There has been a dramatic increase in the use of continuous reeled tubing (coiled tubing) for drilling operations. Much of this increase can be attributed to improvements in the quality and dimensions of coiled tubing itself - pipe sizes have steadily increased over the years from 1 inch OD to 3½ inch OD and bigger. Other developments have included improved downhole motors and, for directional work, sophisticated survey and orienting tools that can be controlled, in real time, from surface.
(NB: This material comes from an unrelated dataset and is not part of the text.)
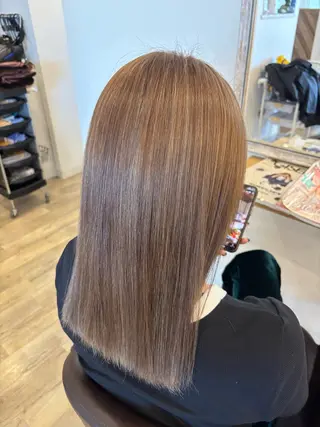 カラー なつ / ハイライト / 髪質改善カラーのヘアスタイル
Despite these developments, CT drilling is still applied to very few wells, or a tiny percentage of the total drilling market. There are many reasons for this including high equipment and personnel costs, low rates of penetration (ROP), and issues related to the reliability of high-cost "smart" bottom hole assemblies (BHA's) needed for directional work. The idea that CT drilling would offer a cheap alternative to conventional rigs is, and probably will remain, an unfulfilled pipe-dream. However, CT drilling certainly has its place, particularly for vertical well deepening and for slimhole multilateral work. The method presented here provides the opportunity to improve the efficiency and lower the cost of such operations. This paper describes a technique that we call Stimulation While Drilling (SWD), a drilling method that is particularly applicable to the use of coiled tubing. In particular, the method is intended for use in the drilling of multiple short, lateral drainage holes originating in the main borehole and extending outward radially through the reservoir, at one or several depths. However, any hole, including the main borehole itself, can be created using this technique, depending on the lithology. This ability to make large multilateral conduits, at high speed, in underbalanced conditions, if desired, and with no drilling damage offers significant advantages for well construction and completion, particularly in hard carbonate reservoirs.
Unfortunately, coiled tubing is fundamentally ill-suited for use in drilling. The pipe is intrinsically weak and subject to fatigue, it cannot be rotated and it is difficult to apply substantial weight-on-bit. Coiled tubing drilling (CTD) involves "slide drilling" and this is why it is so different from conventional rotary drilling - the cuttings bed is not stirred-up by string rotation.
Coiled tubing drilling operations are today typically conducted using downhole motors (powered by mud circulation) connected to rotary drill bits. There have also been developments involving electrically powered downhole motors. Whether hydraulic or electric, these motors can deliver only limited torque to the bit, and it is not uncommon for these devices to stall-out. Furthermore, the coil itself must be protected from the torsional forces to minimise buckling. This makes penetration rates slow (20–40 ft/hr, often less), particularly in hard rocks like limestone and dolomite. At the same time, due to limited ID, circulation rates are low and cuttings transport in the annulus becomes a problem, particularly in horizontal and deviated holes. This necessitates frequent wiper trips to clear settled cuttings to avoid the coil becoming stuck. Apart from wasting time that could otherwise be spent drilling, these wiper trips also shorten string life by increasing fatigue (due to running pipe in and out of the well). In the event that coil does become stuck, it is difficult to retrieve due to limited overpull capacity and the risk of parting pipe.